GatticaResplendent in a red gown and black wig, Tilda Swinton looks more than a little like a 21st-century Hedy Lamarr. She extends her hand in greeting, showing off the scarlet, squared-off fingernails her character plugs into phone jacks for a recharge. A minute later, Swinton has swapped the dazzling red for brilliant green, the black topper for Kim Novak blond. She's no longer Ruby but Marine, and after nailing two takes she changes yet again, into Olive. These ravishing ladies are, alas, cyborgs, created by a biogeneticist named Rosetta -- the fourth character Swinton plays in Lynn Hershman Leeson's futuristic fantasia, Teknolust. Out on Third Street, at Custer Avenue Stages, the future has great taste.

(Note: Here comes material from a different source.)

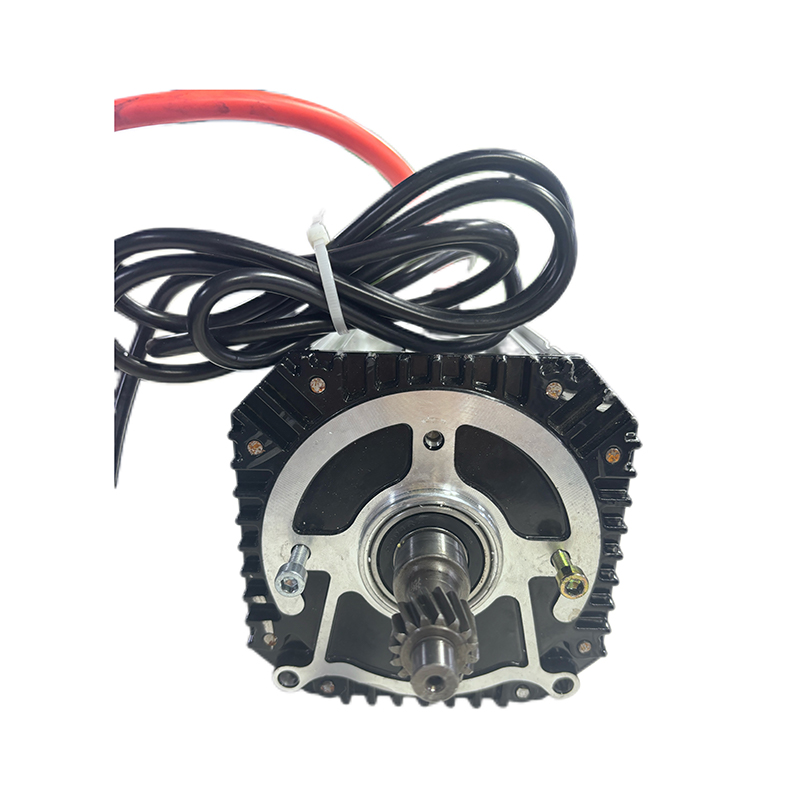 Mellandriven motor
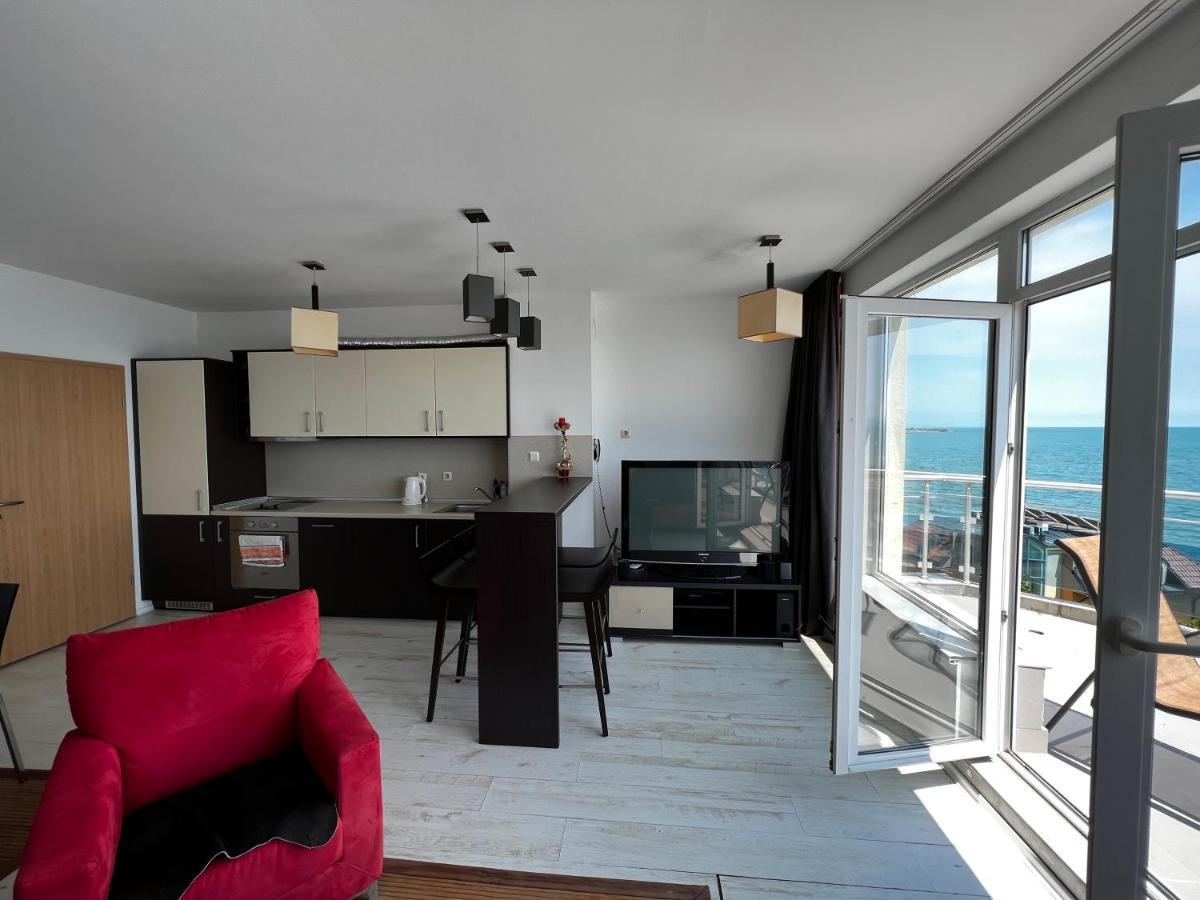 Modern Beachfront Apartment With Pool Равда Экстерьер фото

Dubbed "a cyber-vampire morality tale," the film deals with the usual postindustrial themes that Leeson (Conceiving Ada) traffics in, namely privacy, identity, and reality. The plot defies summarization, except as a question: What makes us -- and keeps us -- human in a world of limitless technological possibility? Film history may provide a clue, Leeson says. "Ruby absorbs seduction scenes from old movies -- The Man With the Golden Arm, Butterfield 8-- in her sleep, then acts them out in real life." Leeson always tackles her sci-fi meditations with state-of-the-art tools; this time around she's working with the same high-definition, 24-frame digital video camera that George Lucas used to shoot his next preadolescent epic.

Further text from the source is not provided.